Information shown:

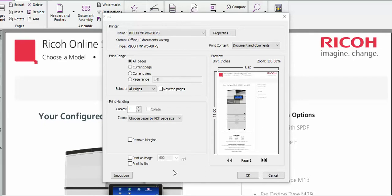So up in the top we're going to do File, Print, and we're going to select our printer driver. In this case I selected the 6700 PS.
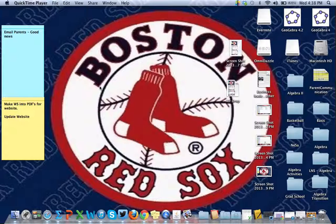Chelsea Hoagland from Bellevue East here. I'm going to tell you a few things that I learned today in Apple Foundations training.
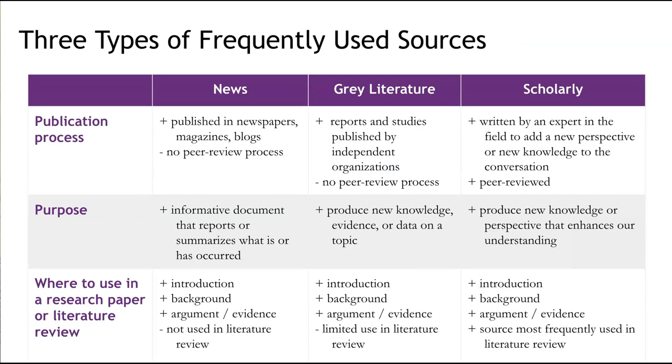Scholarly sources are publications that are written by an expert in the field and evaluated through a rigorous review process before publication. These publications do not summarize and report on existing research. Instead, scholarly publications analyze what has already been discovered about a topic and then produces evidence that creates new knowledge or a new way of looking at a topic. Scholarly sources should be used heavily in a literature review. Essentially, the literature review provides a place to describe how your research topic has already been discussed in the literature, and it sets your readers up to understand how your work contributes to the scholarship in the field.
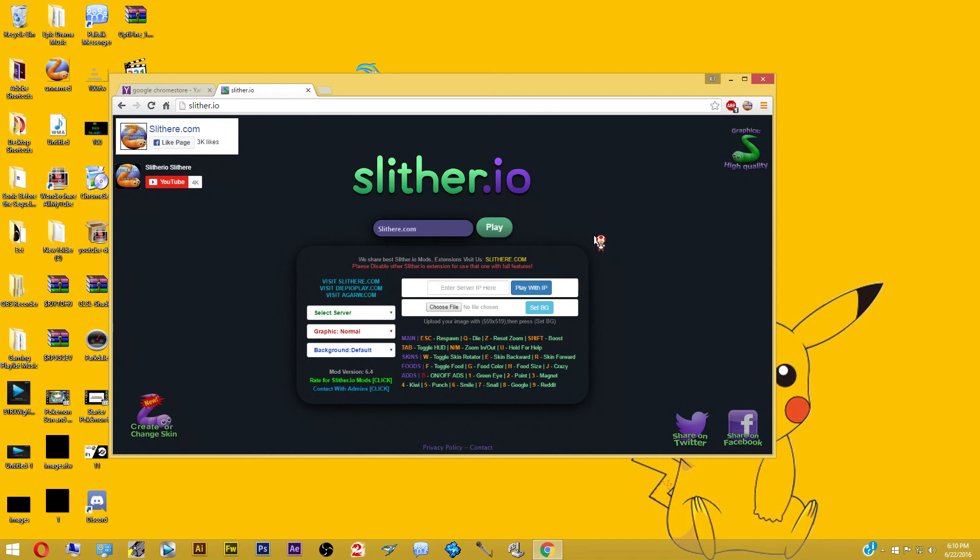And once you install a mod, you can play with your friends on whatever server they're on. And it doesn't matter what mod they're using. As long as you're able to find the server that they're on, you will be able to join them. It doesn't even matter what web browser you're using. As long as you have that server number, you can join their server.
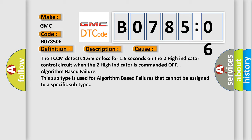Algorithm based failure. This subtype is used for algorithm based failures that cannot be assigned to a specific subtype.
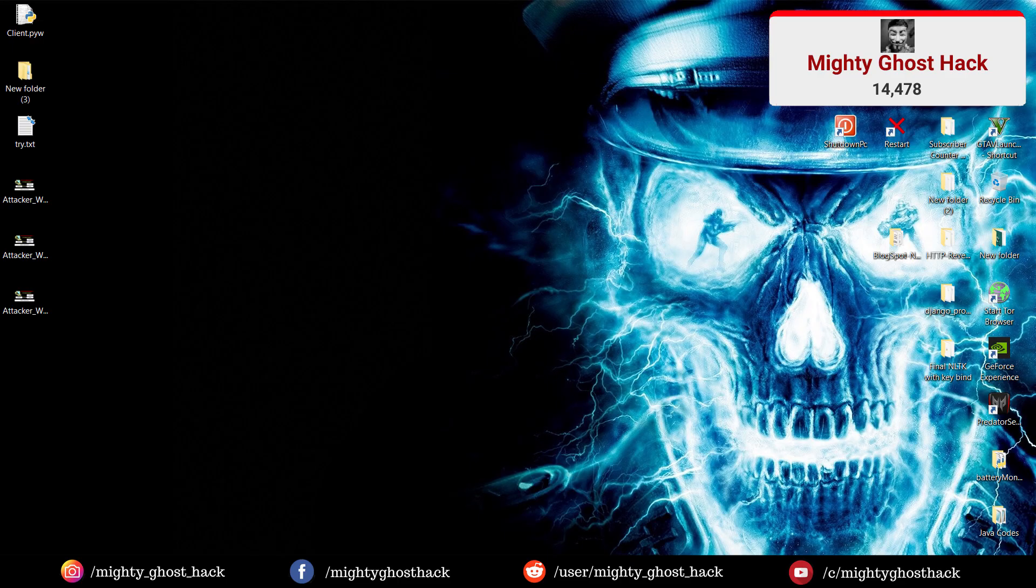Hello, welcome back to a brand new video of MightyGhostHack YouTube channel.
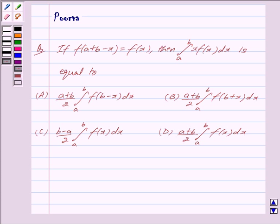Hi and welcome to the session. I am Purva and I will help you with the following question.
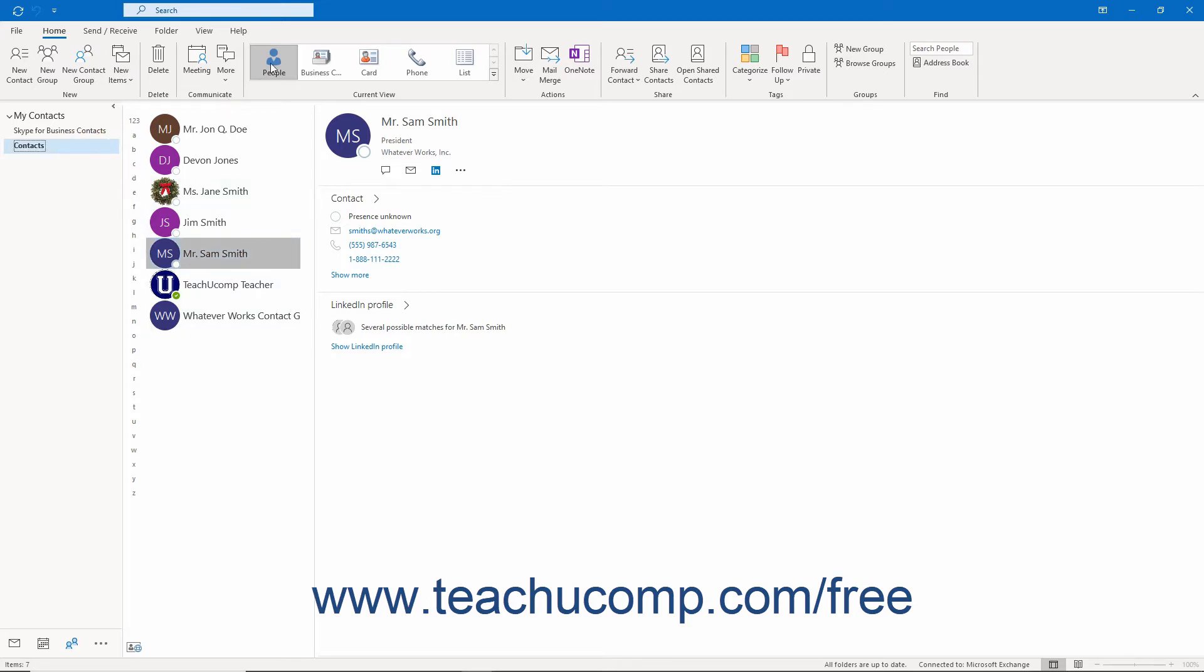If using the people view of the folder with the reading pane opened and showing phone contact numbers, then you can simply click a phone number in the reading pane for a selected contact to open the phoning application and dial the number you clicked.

--

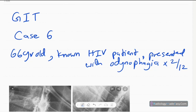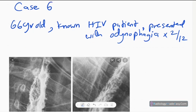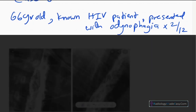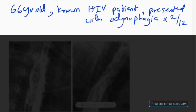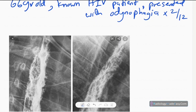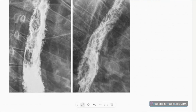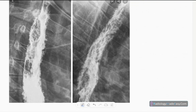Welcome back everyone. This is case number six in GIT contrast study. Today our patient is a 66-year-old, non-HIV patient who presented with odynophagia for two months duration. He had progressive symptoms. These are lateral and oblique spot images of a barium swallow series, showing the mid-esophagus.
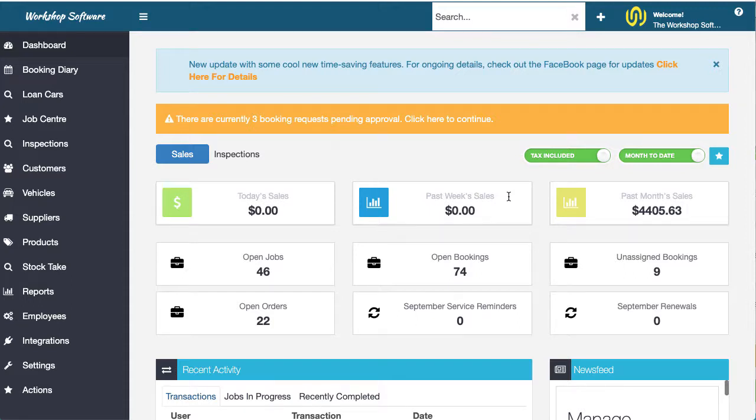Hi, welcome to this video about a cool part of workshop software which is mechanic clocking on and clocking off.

The problem: Everything from the line above that contains "Hello, welcome back" down to the line that contains "If using the" must be reproduced exactly, both ends included. Omit the pictures.

Completed task:
Hello, welcome back to a brand new video of MightyGhostHack YouTube channel.
Hi and welcome to the session. I am Purva and I will help you with the following question.
If using the people view of the folder with the reading pane opened and showing phone contact numbers, then you can simply click a phone number in the reading pane for a selected contact to open the phoning application and dial the number you clicked.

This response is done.